Crawled caption data
════════════════

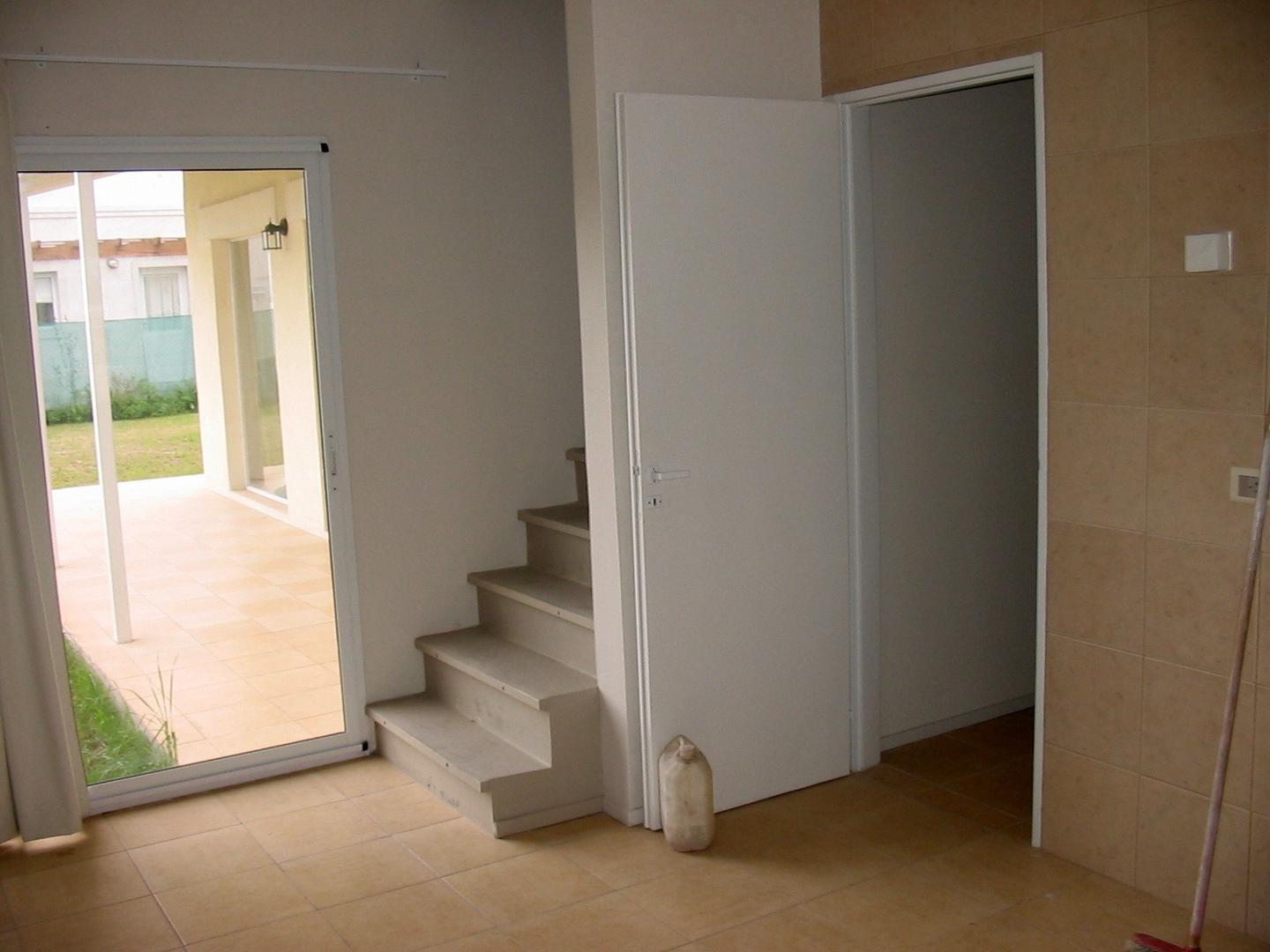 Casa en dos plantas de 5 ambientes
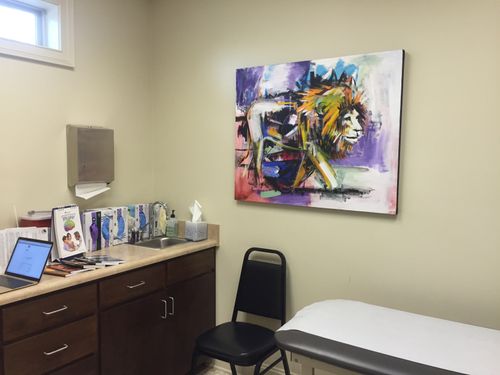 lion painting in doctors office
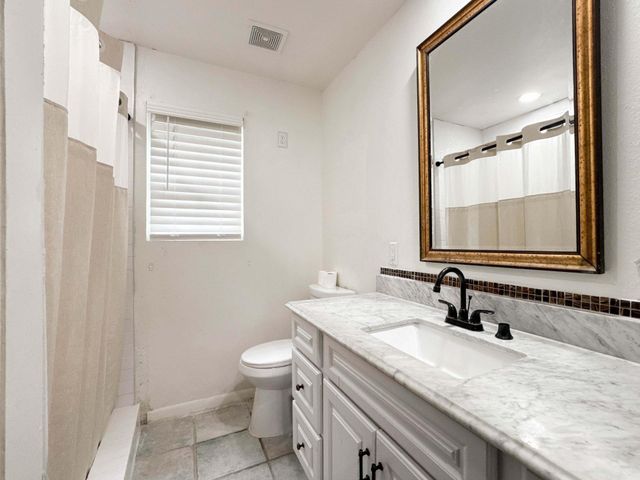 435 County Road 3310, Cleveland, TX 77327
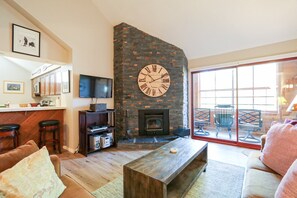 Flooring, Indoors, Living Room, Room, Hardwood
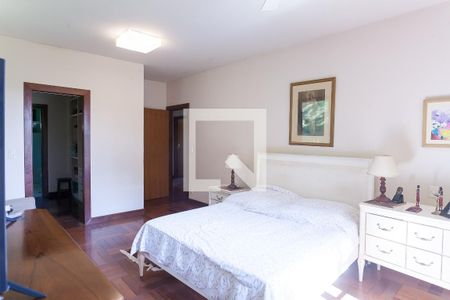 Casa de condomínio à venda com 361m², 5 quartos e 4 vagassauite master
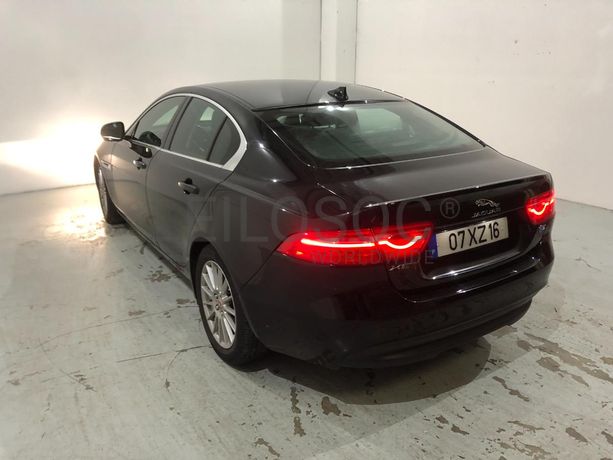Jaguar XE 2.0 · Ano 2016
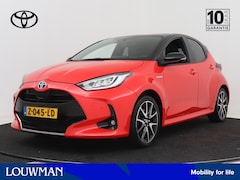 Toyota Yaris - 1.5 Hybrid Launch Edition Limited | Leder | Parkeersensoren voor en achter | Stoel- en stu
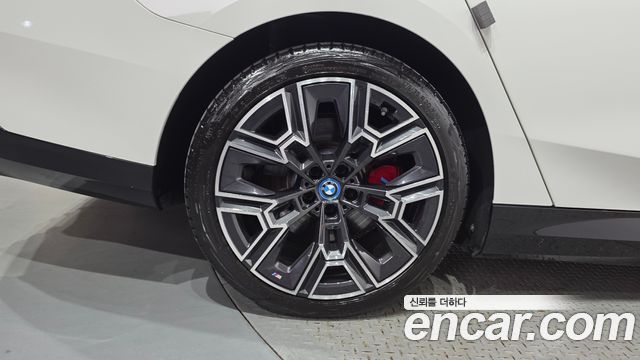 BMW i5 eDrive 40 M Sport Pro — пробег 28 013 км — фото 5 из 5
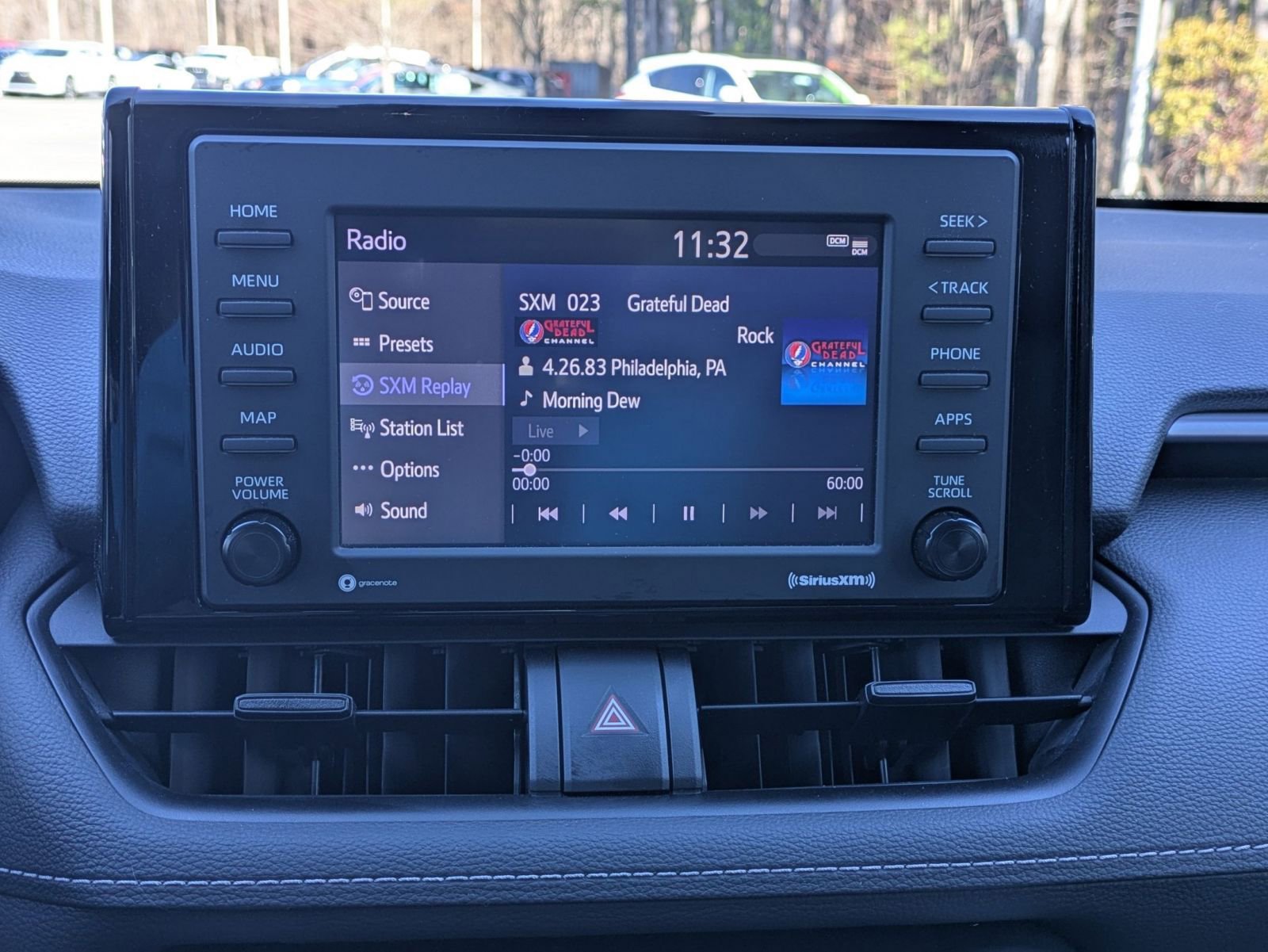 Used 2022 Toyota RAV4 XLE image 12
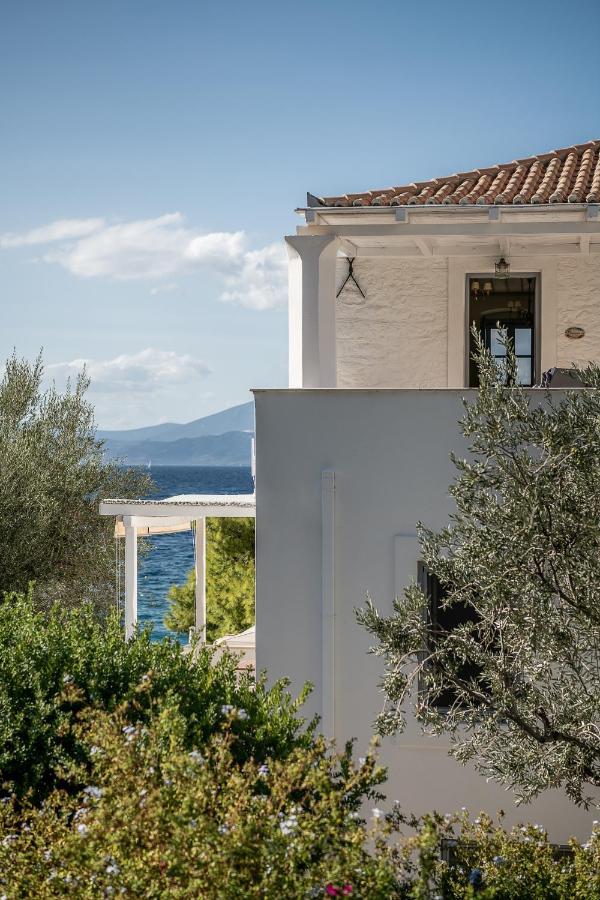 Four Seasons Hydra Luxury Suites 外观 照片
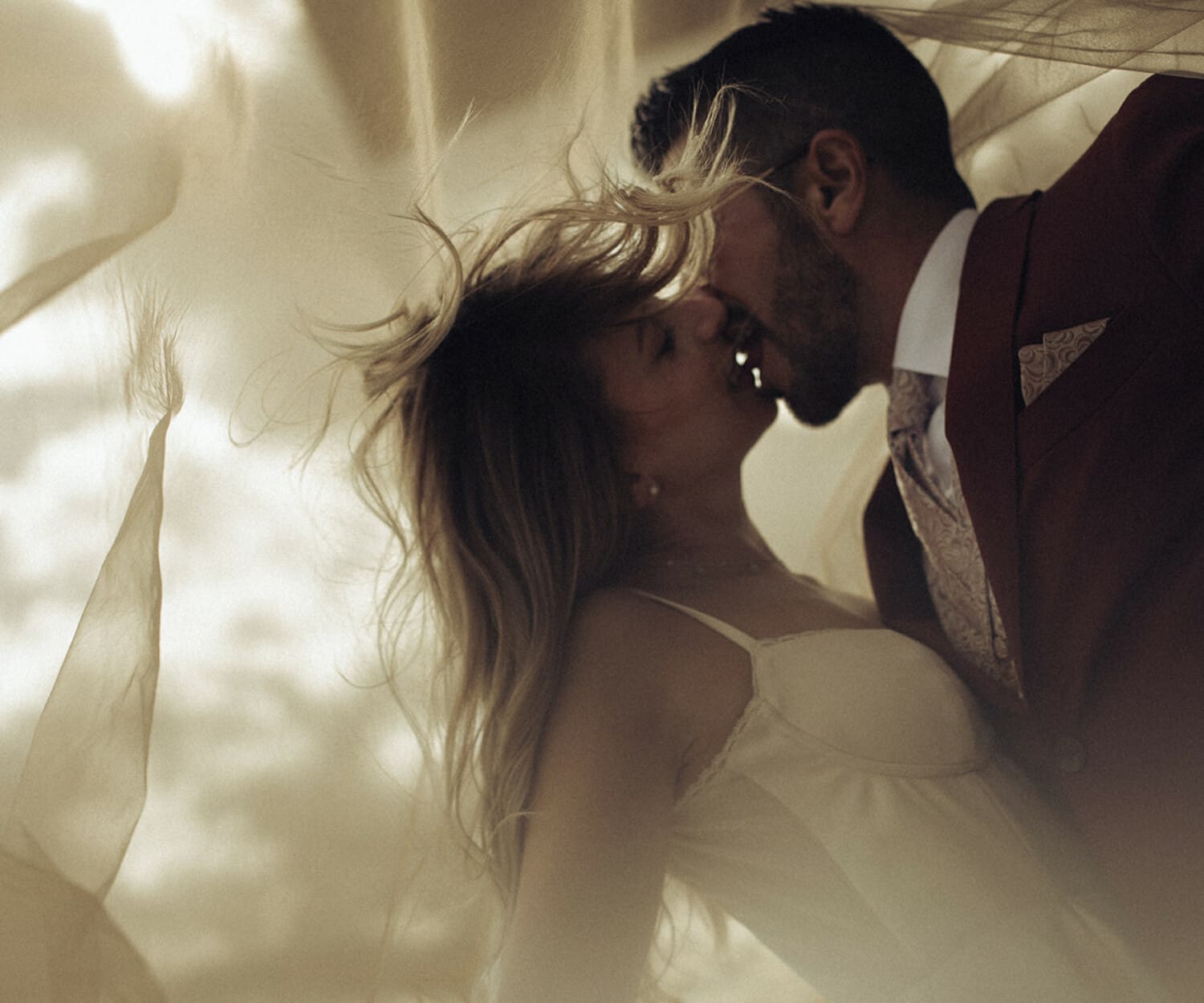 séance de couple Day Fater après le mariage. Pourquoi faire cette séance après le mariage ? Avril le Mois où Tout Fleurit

════════════════

§ **Action item**
From the line containing "435 County Road 3310, Cleveland, TX 77327" through the final line of the records, write out each line exactly, and include no pictures.

§ **Answer for this exercise**
 435 County Road 3310, Cleveland, TX 77327
 Flooring, Indoors, Living Room, Room, Hardwood
 Casa de condomínio à venda com 361m², 5 quartos e 4 vagassauite master
Jaguar XE 2.0 · Ano 2016
 Toyota Yaris - 1.5 Hybrid Launch Edition Limited | Leder | Parkeersensoren voor en achter | Stoel- en stu
 BMW i5 eDrive 40 M Sport Pro — пробег 28 013 км — фото 5 из 5
 Used 2022 Toyota RAV4 XLE image 12
 Four Seasons Hydra Luxury Suites 外观 照片
 séance de couple Day Fater après le mariage. Pourquoi faire cette séance après le mariage ? Avril le Mois où Tout Fleurit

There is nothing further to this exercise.